* Input records *

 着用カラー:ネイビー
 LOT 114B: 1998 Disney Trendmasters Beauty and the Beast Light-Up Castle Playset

* * *

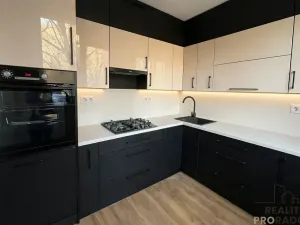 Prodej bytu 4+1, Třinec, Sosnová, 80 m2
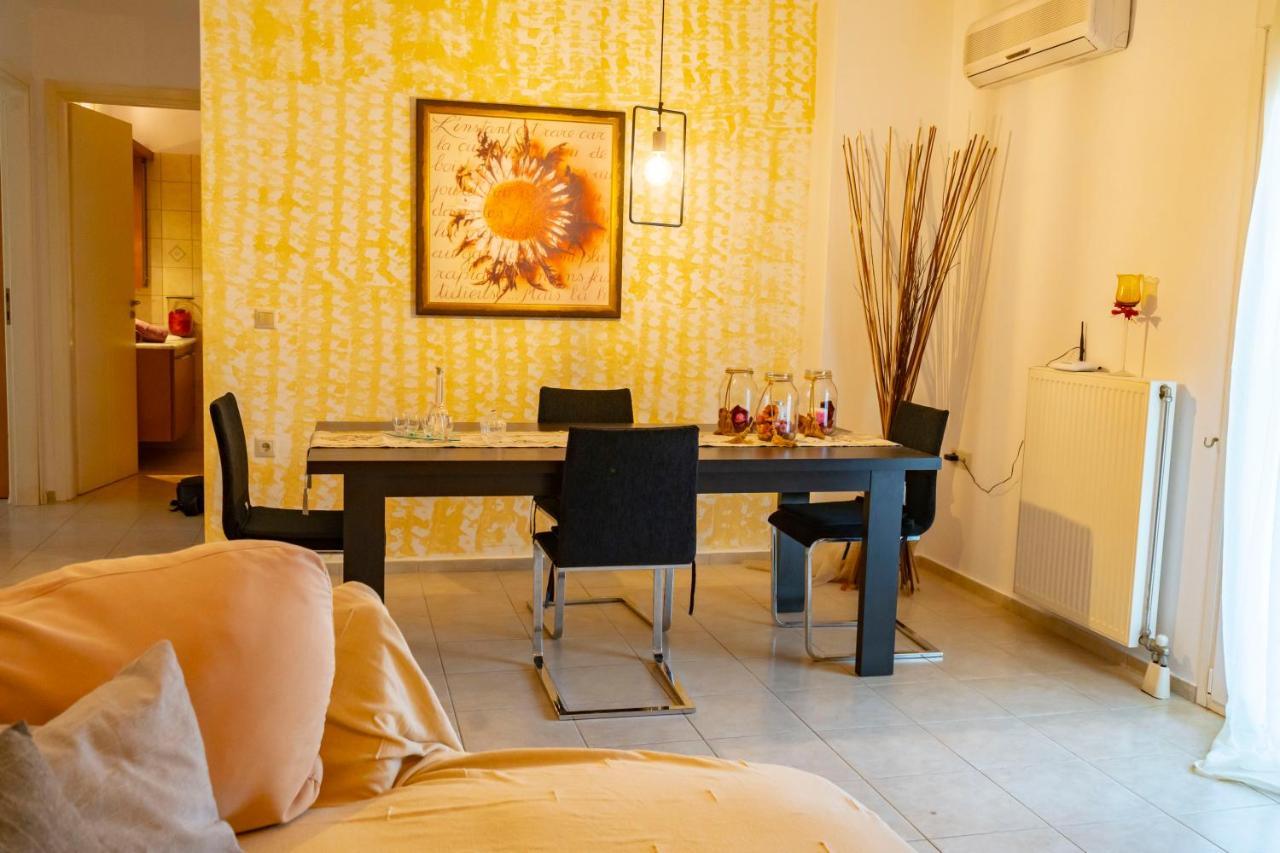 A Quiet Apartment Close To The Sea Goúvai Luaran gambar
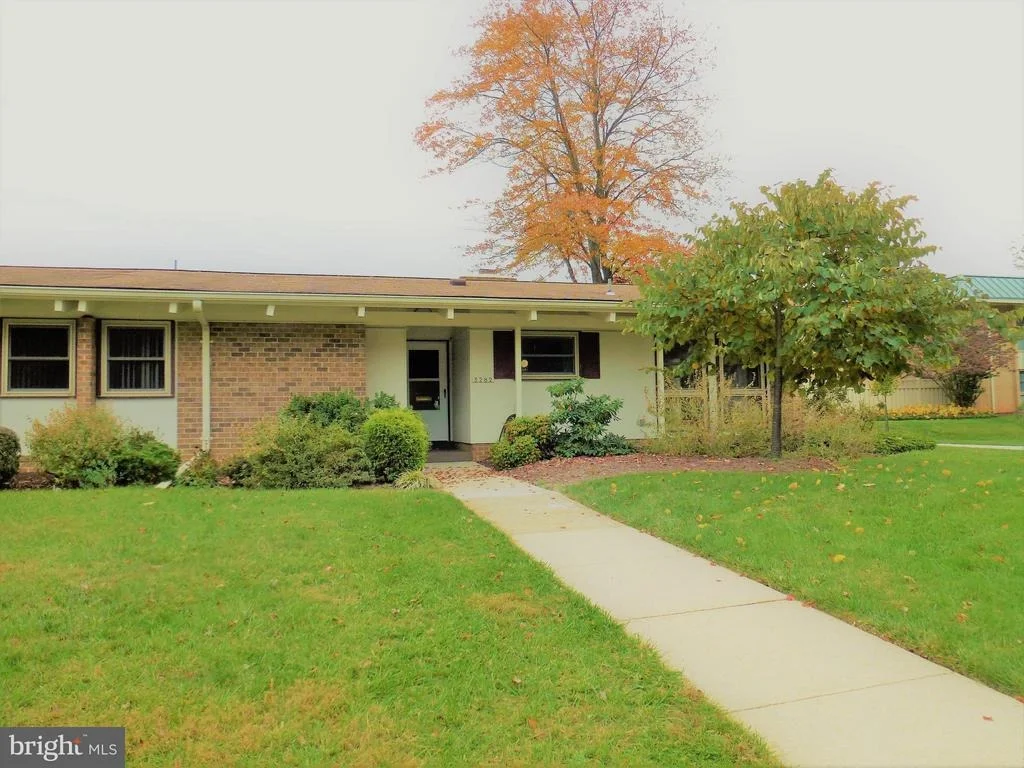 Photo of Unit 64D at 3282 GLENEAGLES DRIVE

* Exercise *
Take only the lines above from the one that has "Prodej bytu 4+1, Třinec, Sosnová, 80 m2" through the one that has "Photo of Unit 64D at 3282 GLENEAGLES DRIVE" and reproduce them exactly, omitting any pictures.

* Answer to this task *
 Prodej bytu 4+1, Třinec, Sosnová, 80 m2
 A Quiet Apartment Close To The Sea Goúvai Luaran gambar
 Photo of Unit 64D at 3282 GLENEAGLES DRIVE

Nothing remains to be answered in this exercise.